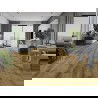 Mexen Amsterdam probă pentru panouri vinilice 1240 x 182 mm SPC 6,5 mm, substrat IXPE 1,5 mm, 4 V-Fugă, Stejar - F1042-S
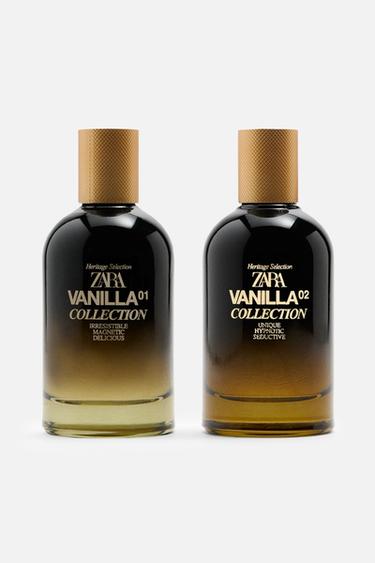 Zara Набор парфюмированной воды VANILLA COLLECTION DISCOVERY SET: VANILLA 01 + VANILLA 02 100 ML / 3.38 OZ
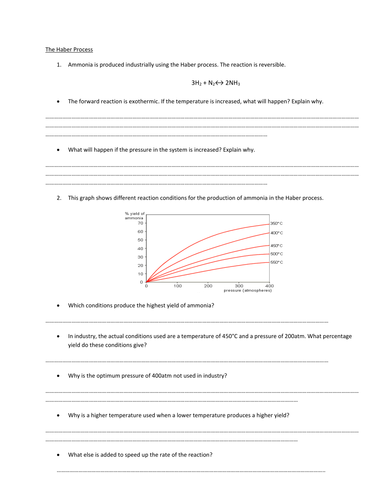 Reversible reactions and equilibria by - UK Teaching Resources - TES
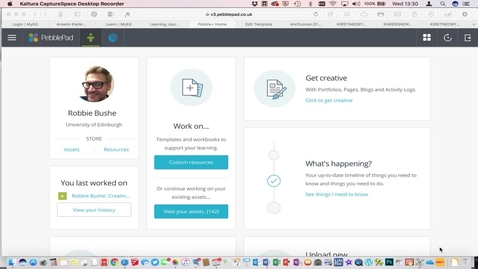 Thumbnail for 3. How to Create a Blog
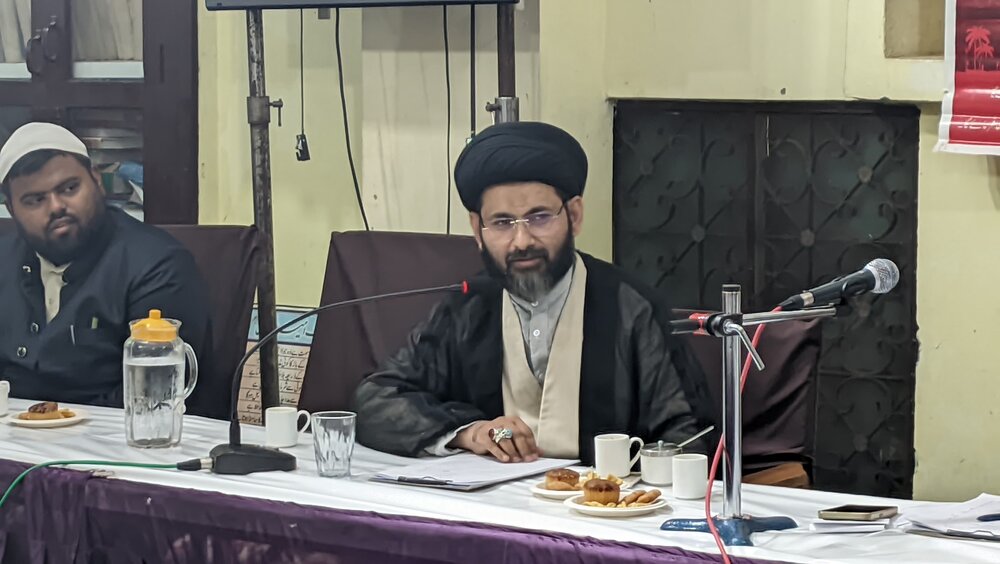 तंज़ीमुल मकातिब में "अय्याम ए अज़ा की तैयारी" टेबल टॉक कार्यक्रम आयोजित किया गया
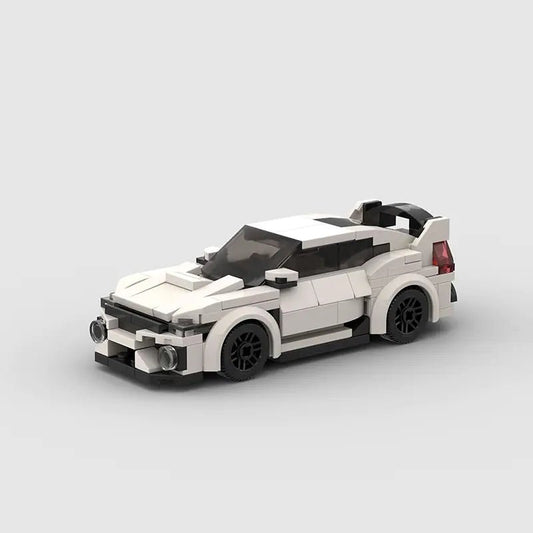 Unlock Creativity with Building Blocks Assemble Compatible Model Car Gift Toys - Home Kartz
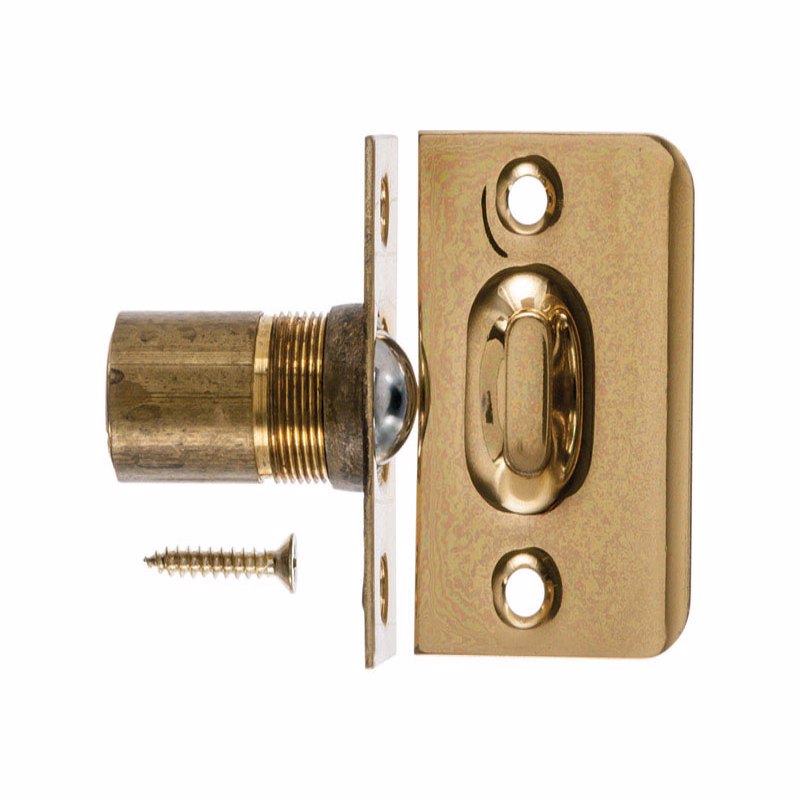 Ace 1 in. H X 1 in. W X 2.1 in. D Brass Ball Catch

::::::

#### [Exercise directions]
Pictures do not belong in the copy. Repeat exactly each line from the one with "Thumbnail for 3. How to Create a Blog" through the end of the listing.

#### [Reply]
 Thumbnail for 3. How to Create a Blog
 तंज़ीमुल मकातिब में "अय्याम ए अज़ा की तैयारी" टेबल टॉक कार्यक्रम आयोजित किया गया
 Unlock Creativity with Building Blocks Assemble Compatible Model Car Gift Toys - Home Kartz
 Ace 1 in. H X 1 in. W X 2.1 in. D Brass Ball Catch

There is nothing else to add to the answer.